In Helix pressing “:” will immediately show you lots of available commands, I don’t know what most of them are. I don’t think there is a way navigate through these with arrow keys, and that text seems there merely to guide further typing As you enter more letter keys the number of possible completions will be reduced accordingly. This feels like a dangerous mode to me, because other than the name of the command, I can find no on-screen documentation of these commands. Explore here, but maybe carefully.

More Normal Mode: Real Cheat Sheet, Finally

At this point I think you know enough to do the most basic editing. Hooray! But only just barely enough. So press escape, to be sure you are back to the normal mode (NOR in the corner), let the cheat sheet begin!

We all make mistakes:

  • u – undo
  • U – redo

Navigation:

  • hjkl - move cursor, pretend those letter keys are labeled: ⇠⇣⇡⇢ (those letters might already be under your fingers, so maybe it is worth learning them, or maybe you are on a vintage ADM-3A terminal with no dedicated arrow keys—but probably just use arrow keys for now).
  • w -  word forward
  • W -  WORD (larger concept of word) forward
  • b -  back one word
  • B -  back one WORD
  • e -  end of word
  • pageup – page up
  • pagedown – page down
  • ctrl-u – half page up
  • ctrl-d – half page down
  • nnnG – goto line nnn
  • 4k (or 4 then up arrow) – move up 4-lines, etc.
Searching:
  • /xyz – search forward for “xyz”
  • ?xyz – search backwards for “xyz”
Searching is also another mode. While typing your search string Helix will show you the next text that matches your search string so far. Press the enter key and now the search is done. At the point you are back to normal mode.

Once out of search mode:

  • n – next matching search string.
  • N – previous matching search string.

Making a selection—another mode:

  • v – enter (or leave) select mode
This is a little like holding the mouse -specificdown in a graphical editor, combined with navigation, you can make a selection. A bit like dragging a mouse through text.

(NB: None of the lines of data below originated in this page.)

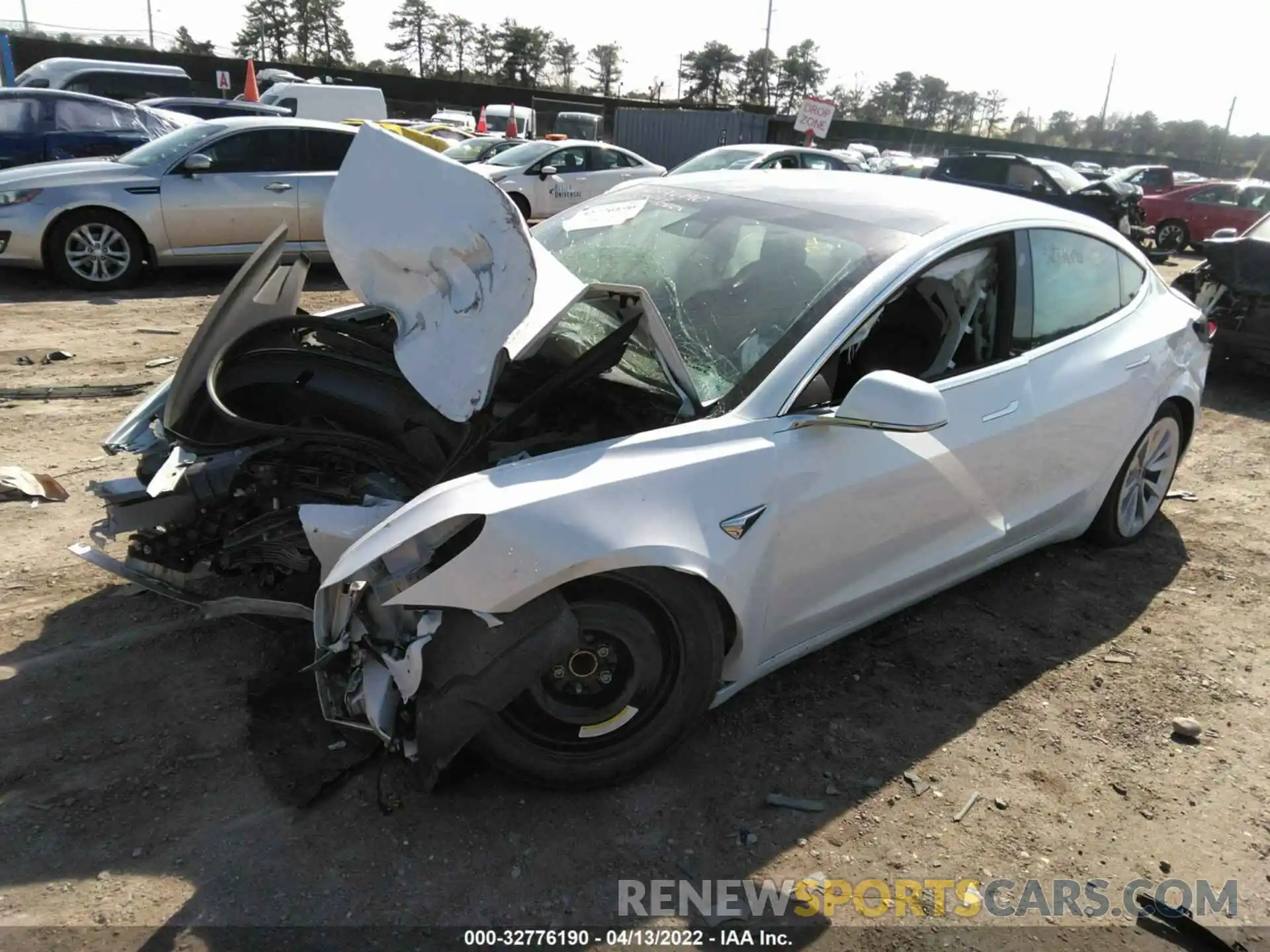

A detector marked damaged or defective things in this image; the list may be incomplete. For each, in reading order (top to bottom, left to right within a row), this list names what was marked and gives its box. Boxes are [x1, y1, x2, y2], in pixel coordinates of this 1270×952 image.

crumpled hood [0, 159, 149, 190]
torn metal panel [322, 125, 589, 424]
crumpled hood [325, 125, 587, 424]
torn hood panel [325, 125, 587, 424]
shattered windshield [665, 149, 762, 175]
shattered windshield [533, 180, 914, 403]
damaged car in background [1168, 212, 1270, 373]
damaged white car [77, 125, 1208, 792]
damaged car in background [77, 128, 1208, 797]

Once you have a selection you can use copy and paste:

  • y – copy (yank) selection
  • p – paste after selection
  • P – paste before selection
  • d – delete selection
  • x – shortcut to select a line, without being in selection mode.
  • xx – select two lines, etc.
  • xd – select line, and delete it, etc.
At this point you have enough to use Helix as a basic editor: run and quit the program; type stuff; open, save, and close files; navigate through your file; search; copy and paste; undo and redo. Nothing very fancy. Time for another mode, where they seem to keep all the fancy stuff.

Insert Mode

The simplest thing to do in insert mode is to type text. In addition those extra keys that didn’t exist in 1976 also do what you would expect: arrow keys, backspace, forward delete, home, end, page up, page down. Beyond them there are a lot of other things that can be done:
  • ctrl-k Delete to end of line.
  • tab When offered a completion item, move to next

Space Bar Mode

When in normal mode, pressing the space bar puts you in an interactive menu world (and the escape key still works to get you out). Press space and cool options appear, each begins with a single letter followed by a little explanatory text, press the space bar again (or press escape or an arrow key) and this menu disappears. Press the key for one of the letters and you will get a new menu. I appreciate that the choices in this menu system appear to be pretty clear and safe to explore. Go take a look.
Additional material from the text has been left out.